Побледнев и задержав дыхание, Наталия всмотрелась в лицо отца, подбежала к нему, шурша юбками, поцеловала его руку. Отец с грустью дотронулся до изумрудов, качавшихся по обе стороны ее личика. Он подарил их девочке, но она исчезла, а камни остались и только сделались еще зеленей (как ему казалось). Юная зелень девичества сияла теперь в изумрудах.
— Ну будет. Мать уже заждалась внизу.
Мать Наталии, старшая в процессии, хотела заблаговременно прибыть в церковь, поэтому она с отцом и младшими детьми отправлялась раньше в семейной карете. Наталию же сопровождала ее тетка.
В дверях отец спросил:
— А твоя тетка Элиза тоже влюблена?
— Мы знаем Андонга Ферреро всю жизнь, отец.

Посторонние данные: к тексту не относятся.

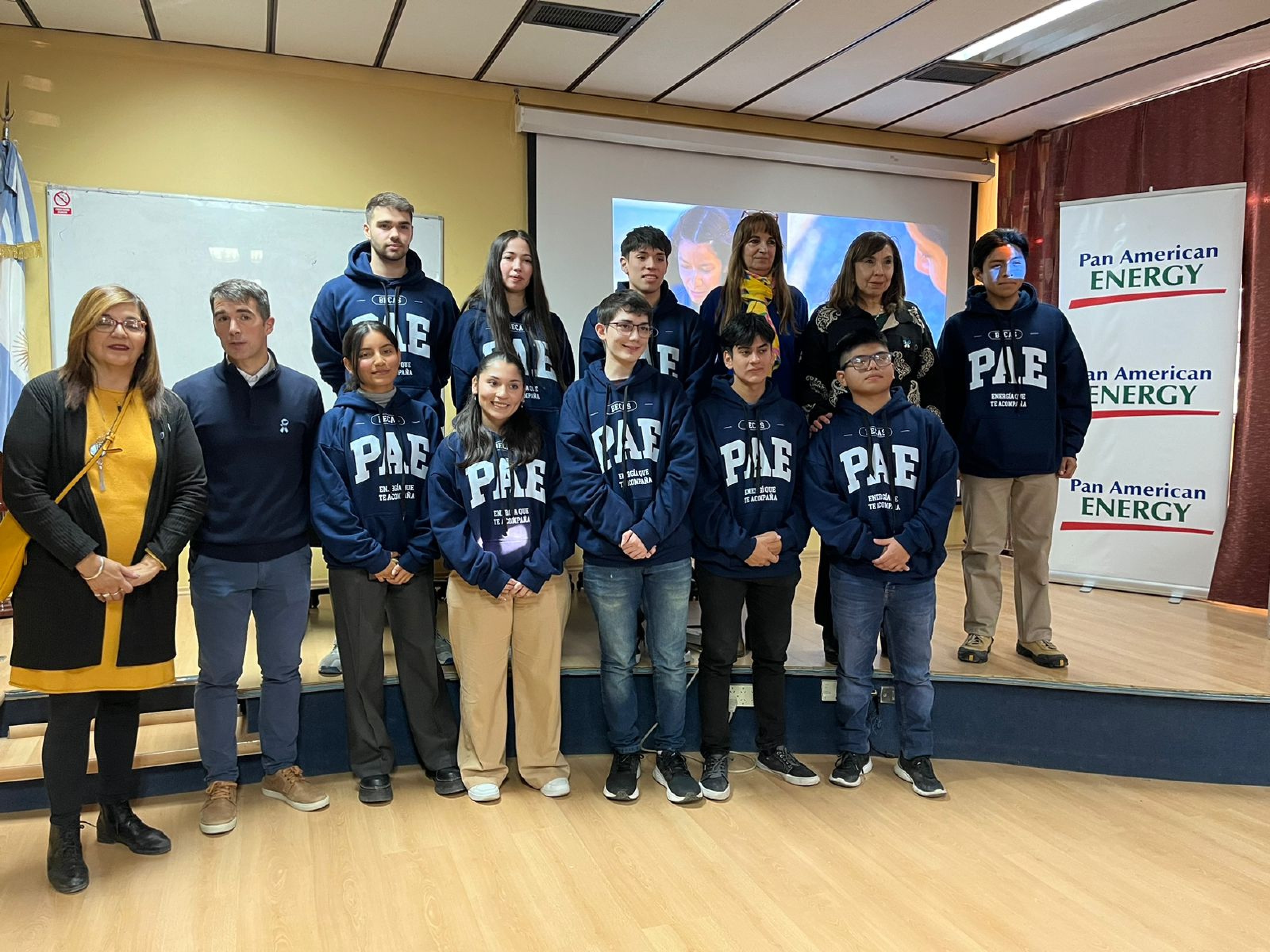 PAE celebra 20 años de programa de becas universitarias con más entregas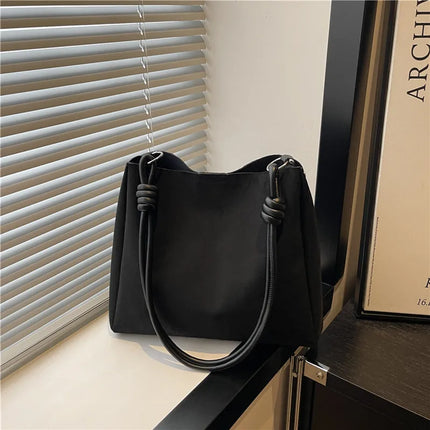 حقيبة يد كبيرة بتصميم مفتوح ومقبض واحد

— Да, любовью с первого взгляда это не назовешь.
— Андонг уже просил у вас ее руки?
— Он собирается сегодня вечером сделать предложение и придет с родителями.
— Тетя Элиза будет так счастлива!
— От нашего дома просто веет влюбленностью.
И как она преображает женщин, подумал, уходя, отец. В этот день у него на многое открылись глаза — Наталия виделась ему совсем ребенком, а Элиза старой девой, но теперь, глядя на них, кто мог бы сказать, которая тетка, которая племянница…
— И не забудьте сообщить Эстебану, что мы едем с ним, — напомнила Наталия.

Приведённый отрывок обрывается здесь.